Pesaro

Urbino, scambia gli esami del sangue con quelli del figlio per riavere la patente: condannato

Protagonista della vicenda l'ex direttore dell’ufficio controlli dell’Agenzia delle Entrate di Pesaro. Il Tribunale collegiale di Urbino lo ha infatti condannato a sei mesi di reclusione

La polizia di Urbino

URBINO – Ha falsificato gli esami del sangue per riavere la patente che gli era stata ritirata per guida in stato di ebbrezza. Il suo escamotage non ha avuto gli effetti sperati: il Tribunale collegiale di Urbino lo ha infatti condannato a sei mesi di reclusione. Protagonista della vicenda P. M., ex direttore dell’ufficio controlli dell’Agenzia delle Entrate di Pesaro. I fatti risalgono al 2013; era il 7 luglio quando l’uomo era stato fermato dalla Polizia stradale e sottoposto ad alcooltest che aveva dato esito positivo con il conseguente ritiro della patente per 90 giorni.

Secondo la ricostruzione dell’accusa, come riportato dal Ducato, P.M. decise allora di rivolgersi all’amico, ex funzionario del Commissariato di Urbino, U. S., che, a sua volta, lo indirizzò al capo della Polstrada di Urbino, G. G. Il suggerimento di quest’ultimo fu quello di fare ricorso al giudice di Pace sostenendo che la positività al test era conseguenza dell’utilizzo di un collutorio a base alcolica.

Ma per riottenere la patente era necessario provare l’assenza di alcol nel sangue con un prelievo, che avvenne a domicilio.
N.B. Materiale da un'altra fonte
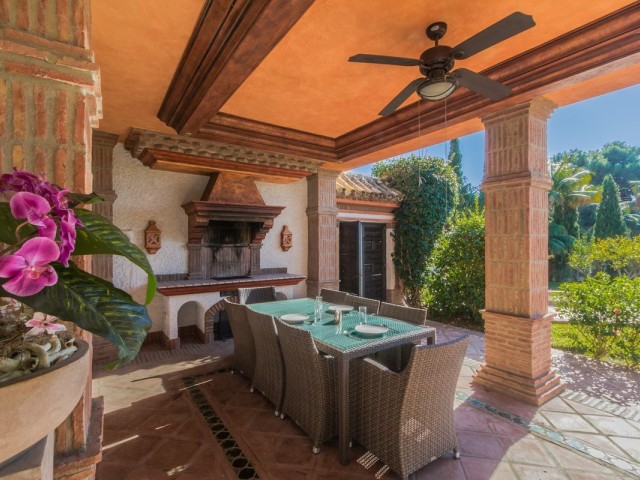 4 Schlafzimmer Villa in Costabella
A effettuarlo fu il responsabile del Laboratorio di tossicologia dell’Asur di Pesaro, P. C., il quale era riuscito a farsi affidare le analisi per poi eseguirle non al protagonista della vicenda ma al figlio di lui, così da far risultare il sangue “pulito”. Il responsabile del laboratorio analisi, che era anche lui indagato, ha patteggiato nel 2015 con sentenza irrevocabile.

Assieme a P.M., sono finiti alla sbarra anche la sua dentista M. G. C. per aver prescritto il collutorio allo scopo di sostenere la versione dell’imputato, l’ex funzionario del Commissariato di Urbino, ed il capo della Polstrada di Urbino. Questi ultimi tre sono stati assolti dai giudici collegiali perché il fatto non sussiste. Come riferito dal pm Irene Lilliu allo stesso Ducato: «A fare la differenza sono stati il cambiamento della norma sugli abusi d’ufficio e il cambiamento della legge sulle intercettazioni che non ha reso possibile accedere a elementi utili a provare il coinvolgimento degli altri imputati».